Speaking to Finkelstein, and others like him at this event, you quickly come to understand that their vision for the future is not just about technology or economics. It is about human nature, and the pursuit of perfect human satisfaction. While many of us look around and see beaten-down drudges who barely have the energy to dress themselves, let along start a new business out of their garage, the Finkelsteins of the world see everyone as a potential Homo Digitus. “What [workers like me] want is for our Sunday nights to feel like our Friday nights, and our Monday mornings to feel like Saturday mornings,” he tells me. “The whole idea of ‘TGIF’ is ridiculous. We don’t want to spend 80 percent of our waking hours feeling like drudgery.”
As we wrap up, Finkelstein slows down his manic speaking pace—only slightly—as he returns to the subject of his own father.
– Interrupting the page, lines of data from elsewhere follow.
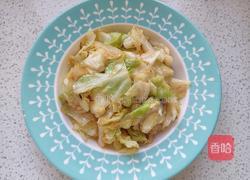 炝炒包菜的做法图解8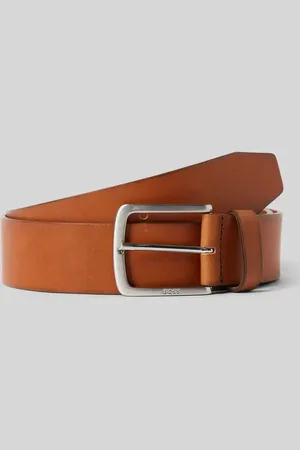 HUGO BOSS Ledergürtel mit Dornschließe Modell 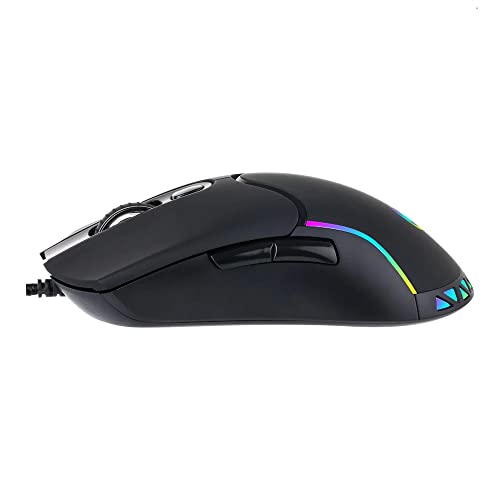 Marvo M359 800-3200 DPI Gaming-Maus mit RGB-Beleuchtung, Schwarz Bild 3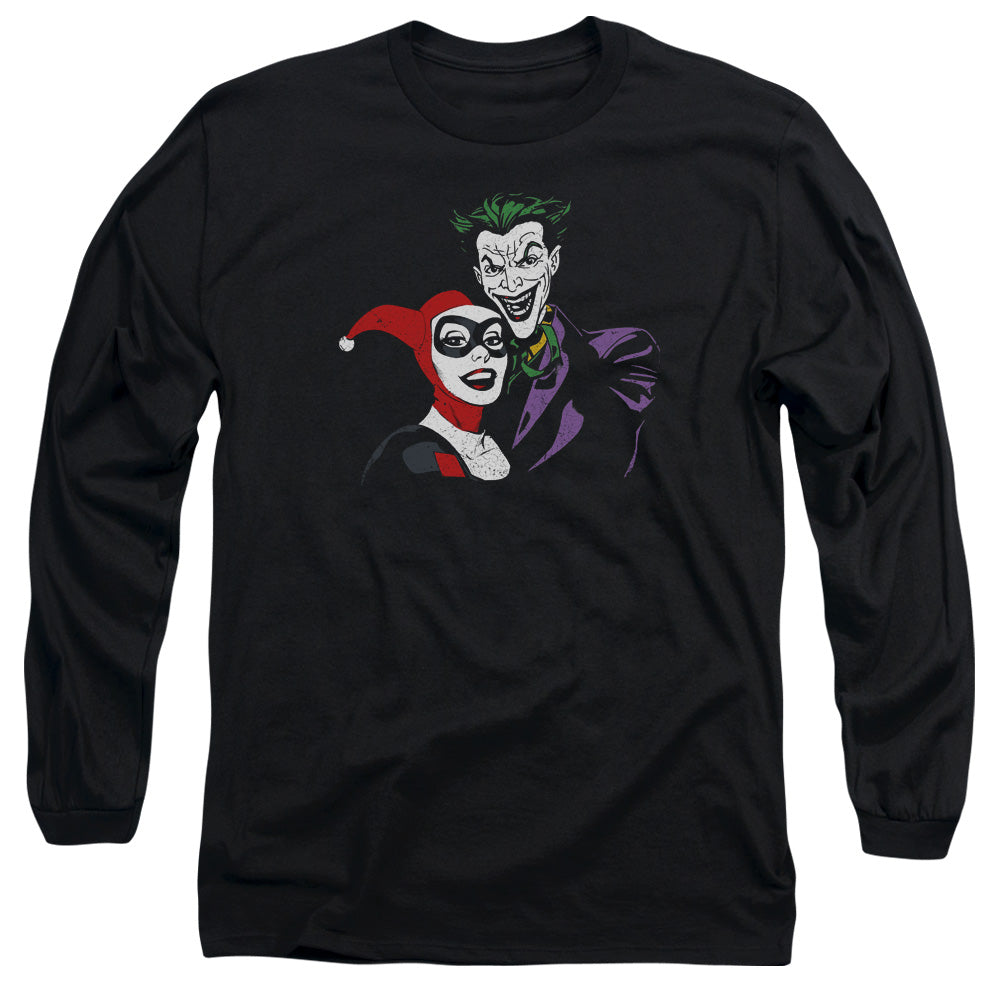 Batman Joker & Harley Mens Long Sleeve Shirt Black Officially Licensed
“My dad was in Montreal’s shmata business,” he says. “We would joke and call him a shamtologist. I remember that he’d have to go to Korea and Bangladesh for samples. If he was doing all this today, he could do it all with a $1,000 3-D printer. He wouldn’t have to leave.”
“What he really has always wanted to do is volunteer work—helping immigrant families in our community who are going through the same thing our own family once went through. But he’s going to have to wait till retirement for his real life’s work to start. And that’s what this is about—because that’s not something I will ever have to do.”